┌──

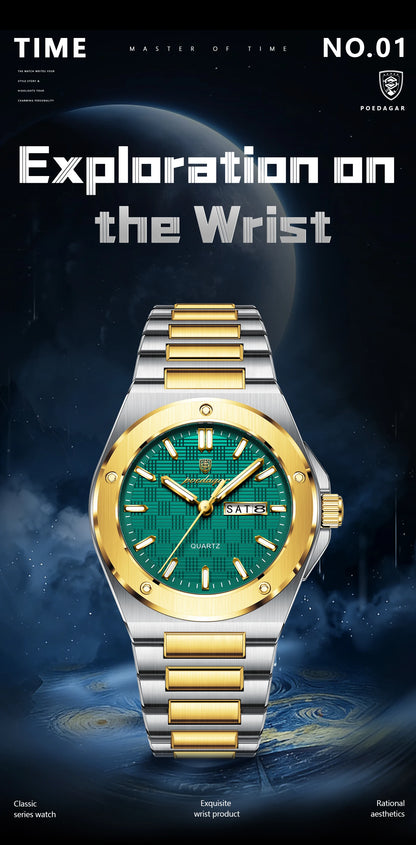POEDAGAR High Quality Men Clock Date Week Waterproof Fashion Watch For Man Stainless Steel Luxury Men's Quartz Watches Reloj+Box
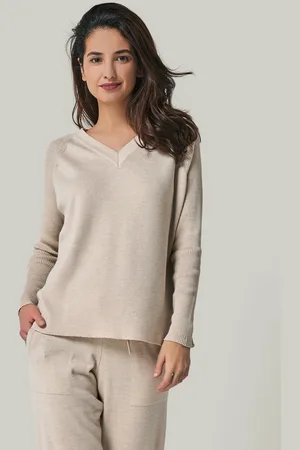 YOU LOOK PERFECT PULLOVER DORINA - Merino Pullover mit V-Ausschnitt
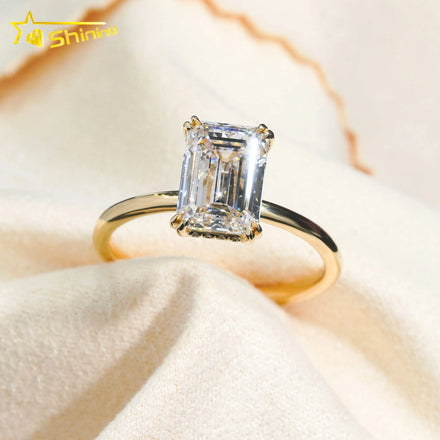 Hidden Halo Emerald Cut 3ct VVS2 Lab Grown Diamond CVD Mirco Pave Engagement Ring 14K Solid Gold Wedding Engagement Ring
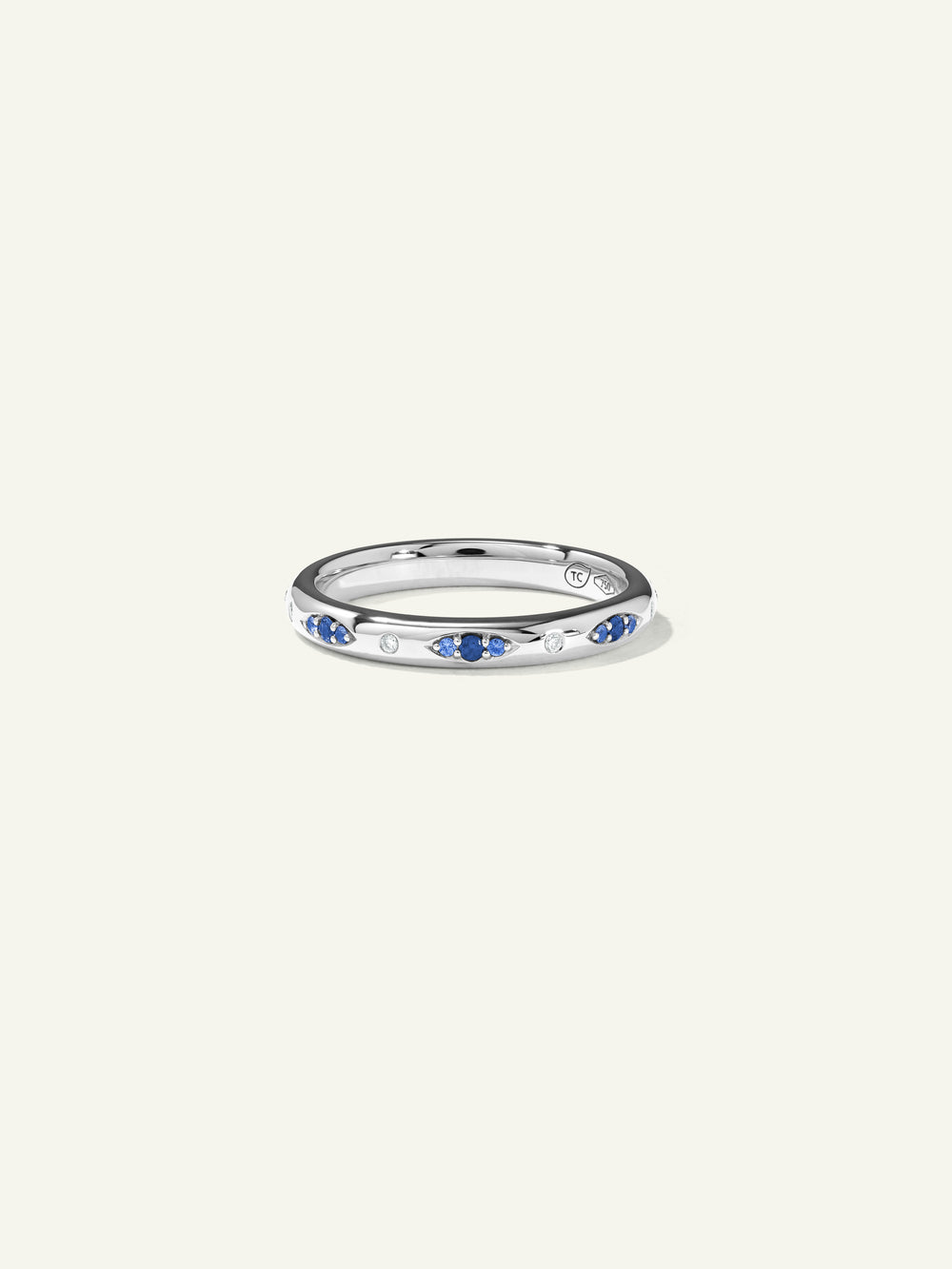 GYPSY Band Ring in 'Ocean' Pavé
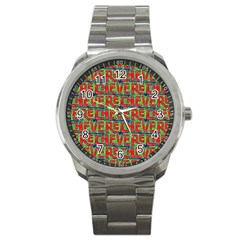 Typographic Graffiti Pattern Sport Metal Watch by dflcprints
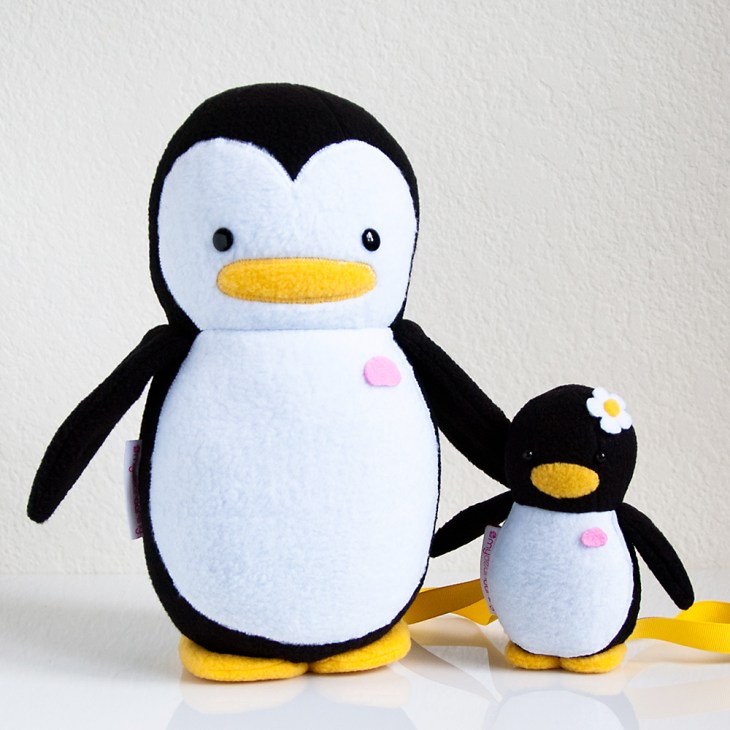 Penguin with Mini Penguin Backpack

└──

■ **TASK PROMPT**
Pictures are to be left out; the listing above is otherwise to be copied exactly.

■ **RESPONSE AREA**
POEDAGAR High Quality Men Clock Date Week Waterproof Fashion Watch For Man Stainless Steel Luxury Men's Quartz Watches Reloj+Box
 YOU LOOK PERFECT PULLOVER DORINA - Merino Pullover mit V-Ausschnitt
 Hidden Halo Emerald Cut 3ct VVS2 Lab Grown Diamond CVD Mirco Pave Engagement Ring 14K Solid Gold Wedding Engagement Ring
 GYPSY Band Ring in 'Ocean' Pavé
 Typographic Graffiti Pattern Sport Metal Watch by dflcprints
 Penguin with Mini Penguin Backpack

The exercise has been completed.